The Democratic senator also questioned Califf about who can make the call to stop the flood of addictive prescription drugs across the country. Califf said the problem needs to be addressed at the highest levels of both FDA and the Drug Enforcement Agency.
"The buck's been passed for many, many years, and I'm not blaming anybody today; I'm blaming past culture," Manchin told reporters. "We're going to change this culture."
Tuesday's discussion included Democratic Gov. Earl Ray Tomblin and other government, medical and substance abuse leaders.

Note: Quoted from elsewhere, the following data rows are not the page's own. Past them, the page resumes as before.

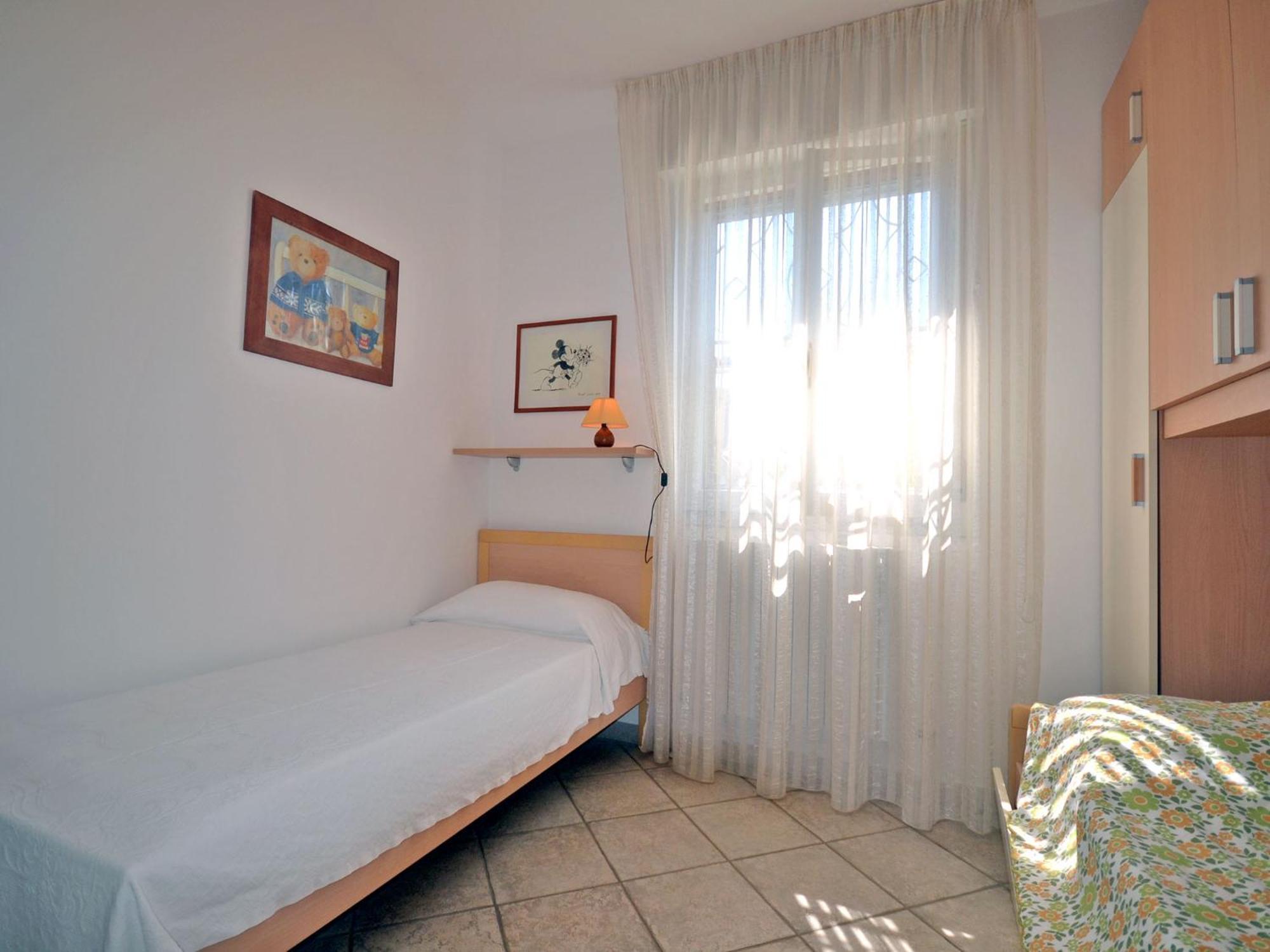 Sit Holiday Homes Holiday home Lido delle Nazioni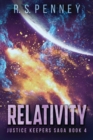 Relativity - Book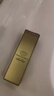 肌肤之钥（Cle de Peau）光凝润采长管隔离37ml 实拍图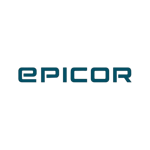 Epicor_Logo_Teal_RGB__1_-removebg-preview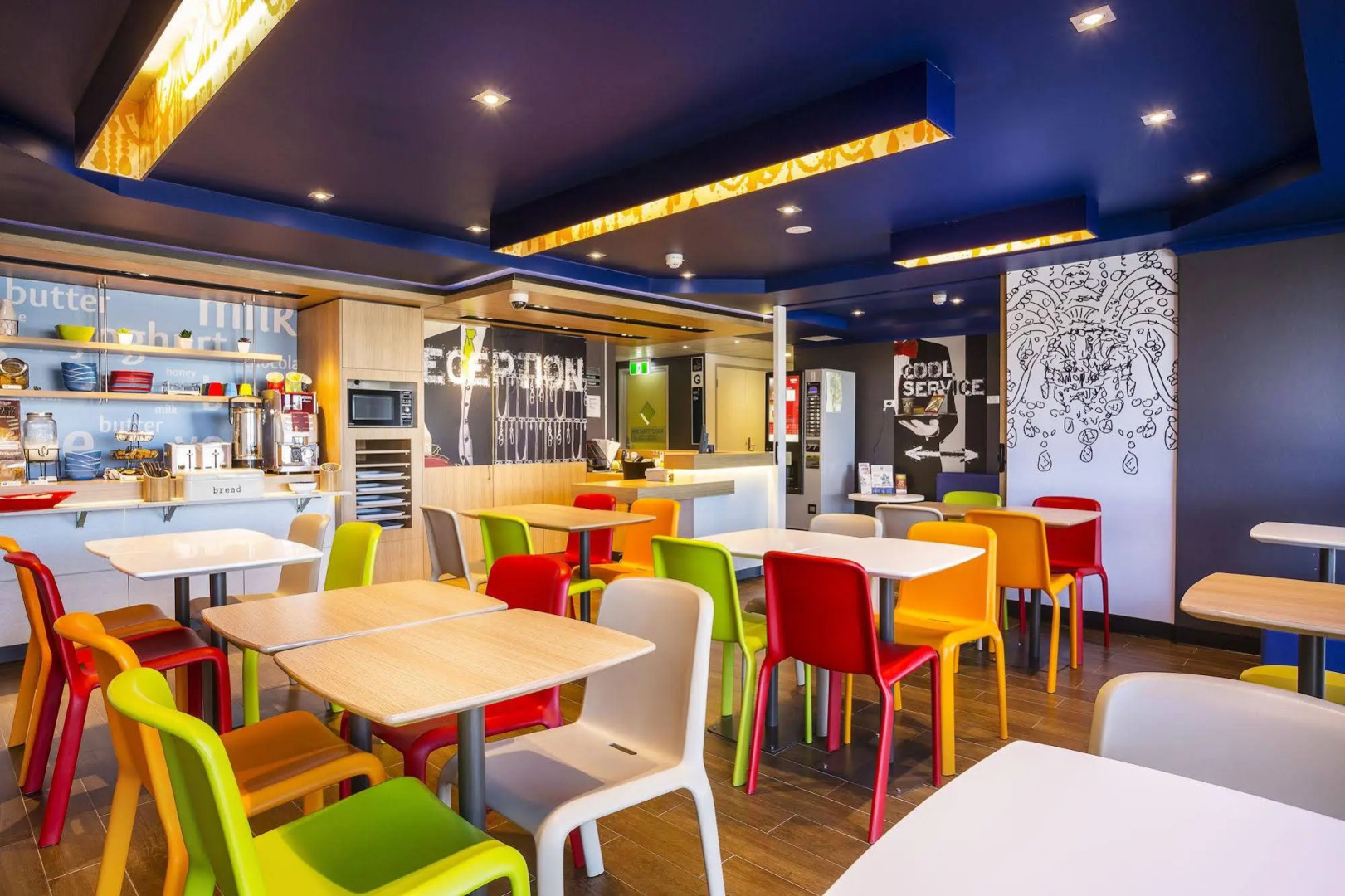 Photo - Imperial Motel Windsor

In February, Manchin was one of four senators who opposed Califf's confirmation, pointing to the doctor's ties to the pharmaceutical industry and the scourge of prescription drug abuse in the state. According to 2014 federal health statistics, West Virginia leads the nation in drug overdose deaths, with 35.5 per 100,000 people.
Califf was a prominent cardiologist and medical researcher at Duke University for more than 30 years. His previous financial disclosures show pharmaceutical companies funded some of his research and paid him for consulting work.
"I am still very hopeful, and yes, he has made positive changes, and I'm very anxious to see many more positive changes," Manchin said.
Califf said the FDA is "looking hard" at making the opioid overdose-reversing drug naloxone available over the counter. This year, the treatment became available without a prescription to anyone in West Virginia. Several states have similar laws.
Califf's visit continues a heightened presence for the Obama administration in Appalachia on the opioid abuse epidemic.
Obama visited Charleston to hear the community describe the scourge of drug abuse in October. He tapped Agriculture Secretary Tom Vilsack to head an interagency team on the topic, and Vilsack headed a town hall last month in Abingdon, Virginia with Tennessee Gov. Bill Haslam and Virginia Gov. Terry McAuliffe.